CREATE TRIGGER IF NOT EXISTS suggestion_delete_trigger
    AFTER DELETE ON suggestion FOR EACH ROW
BEGIN
    INSERT INTO 
        suggestion_history(suggestion_id, name, last_edited_by, row_version, valid_from, valid_to)
    SELECT
        suggestion_id, name, last_edited_by, row_version, valid_from, strftime('%Y-%m-%d %H:%M:%f', 'now');
END;

We now start a new SQLite database:

> sqlite3 sample.db

And copy and paste all the above statements into it, then we'll add some data:

INSERT INTO 
    suggestion(suggestion_id, name, last_edited_by)
VALUES 
    (1, 'Machine Learning with OpenCV', 1);

And we can see, that the entry with a valid_from and valid_to timestamp has been written. The row_version is set to 1 initially:

sqlite> SELECT * FROM suggestion; 
1|Machine Learning with OpenCV|1|1|2024-08-16 06:47:13.199|9999-12-31

The suggestion_history table is still empty:

sqlite> SELECT count(*) FROM suggestion_history;
0

Let's now update the suggestion to OpenCV Machine Learning Guide:

sqlite> UPDATE suggestion SET name='OpenCV Machine Learning Guide' WHERE suggestion_id = 1;

We can see, that the suggestion now has a new valid_from timestamp and the row_version has been increased to 2:

sqlite> SELECT * FROM suggestion where suggestion_id = 1;
1|OpenCV Machine Learning Guide|1|2|2024-08-16 06:50:13.874|9999-12-31

The suggestion_history now contains the previous version of the data, also showing the validity of the row:

sqlite> SELECT * FROM suggestion_history where suggestion_id = 1;
1|1|Machine Learning with OpenCV|1|1|2024-08-16 06:47:13.199|2024-08-16 06:50:13.874

Updating it again to the previous values shows, that the change is also audited:

sqlite> UPDATE suggestion SET name='Machine Learning with OpenCV' WHERE suggestion_id = 1;
sqlite> SELECT * FROM suggestion_history where suggestion_id = 1;
1|1|Machine Learning with OpenCV|1|1|2024-08-16 06:47:13.199|2024-08-16 06:50:13.874
2|1|OpenCV Machine Learning Guide|1|2|2024-08-16 06:50:13.874|2024-08-16 06:54:54.487

And that's it!

Conclusion

I am not sure, that I am arriving at the correct conclusions here.
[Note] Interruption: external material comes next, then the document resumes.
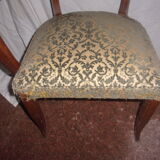 Paire de fauteuils bridge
It's not possible to provide an equivalent to Temporal Tables from within SQLite, because it lacks a stable transaction time to be used throughout multiple triggers. You could come up with some workarounds, but I fear they introduce a new set of problems.

What I came up with in this article is probably good enough for a wide range of projects, at least those I aiming for. You cannot do time-travel with it or restore the data to a previous version with 100% certainity (you could do a "best guess" though 🤷‍♂️).

But you have everything logged, and that's a big plus for doing data forensics.